Members of the authority’s budget and administration committee last week agreed to kick start a two-phase, $103,000 study by reallocating about half that amount from a fund initially earmarked to examine shoreline protection.
Hazel Breton, manager of water resources engineering, said the ultimate goal is to mitigate and adapt to the changes in store.
She said she hopes to have some preliminary findings of the study, which will focus on the lower SpencerCreek watershed, by the end of this year.
To be conducted with the help of Waterloo-area consultants Matrix Solutions, the study will “downscale” global and other available climate data to Hamilton to project a range of impacts by 2050, Breton said.
“We will run those models over our landscape that will then tell us, will we be having an increase in cold-alert days, heat-alert days, number and extent of frequency of extreme rainfalls and snow events,” she said.
“Knowing that we will probably end up somewhere between those extremes, we will be able to identify vulnerable areas both for the city, in terms of flooding and low-lying areas, but also the experience of cold alerts and heat alerts and, in our case, flooding.”
Breton said the City of Niagara Falls has already done a similar study and found its weather will be like New Jersey’s by mid-century.

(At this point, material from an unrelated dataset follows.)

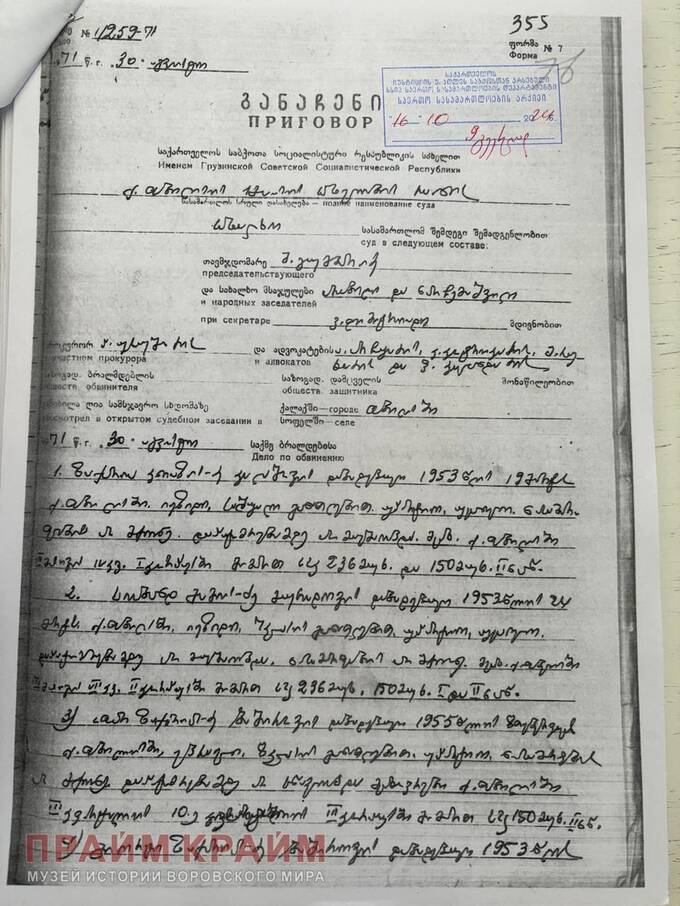 Архивный приговор: как началась преступная карьера «Шакро Молодого» qurieuiqzhiqtkmp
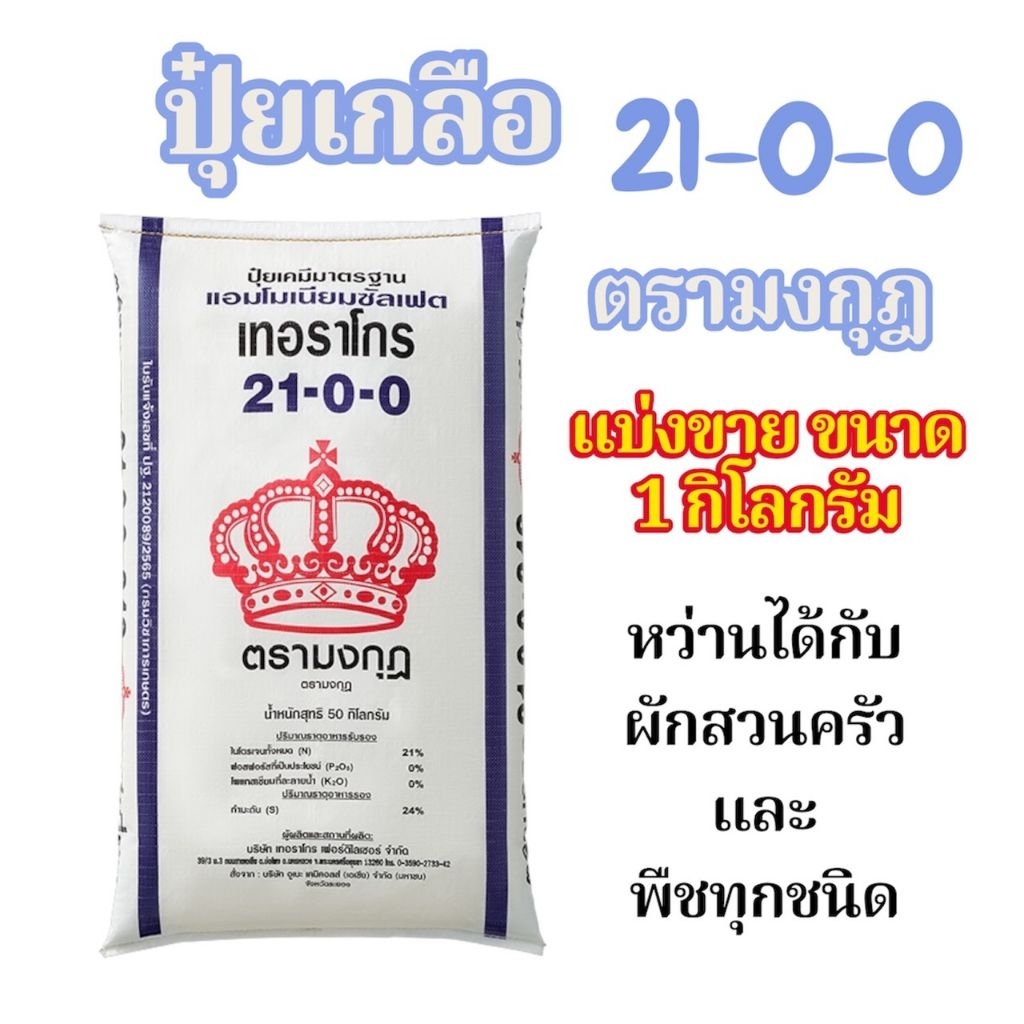 ปุ๋ย 21-0-0 ASW ตรามงกุฎแถบม่วง เร่งการเจริญเติบโตทางด้านลำต้นและใบ ทำให้ประสิทธิภาพการสังเคราะห์แสง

“They’re in their streetscape planting already looking at the New Jersey vegetation and actually have started to plant that type of tree in the urban environment. Others are looking at more heat-resistant plants,” she said.
“We’re not only going to look at how we mitigate, but how we adapt as well to prepare ourselves, so we’re a little bit different.”
Breton said although many people “are getting the message” on the need to cut carbon emissions, the message needs to be taken more urgently and put into action.
“It doesn’t have to be rocket-science things; it’s very simple things,” she said, like not watering the lawn every day, running the air conditioner all summer or washing down a driveway when rain will eventually do the job.
“It’s drinkable water and the cost to keep it clean and transport it is huge, and it does emit CO2 to do that… I know it’s baby steps, but some small things we start with and then we’re going to graduate to more significant actions.”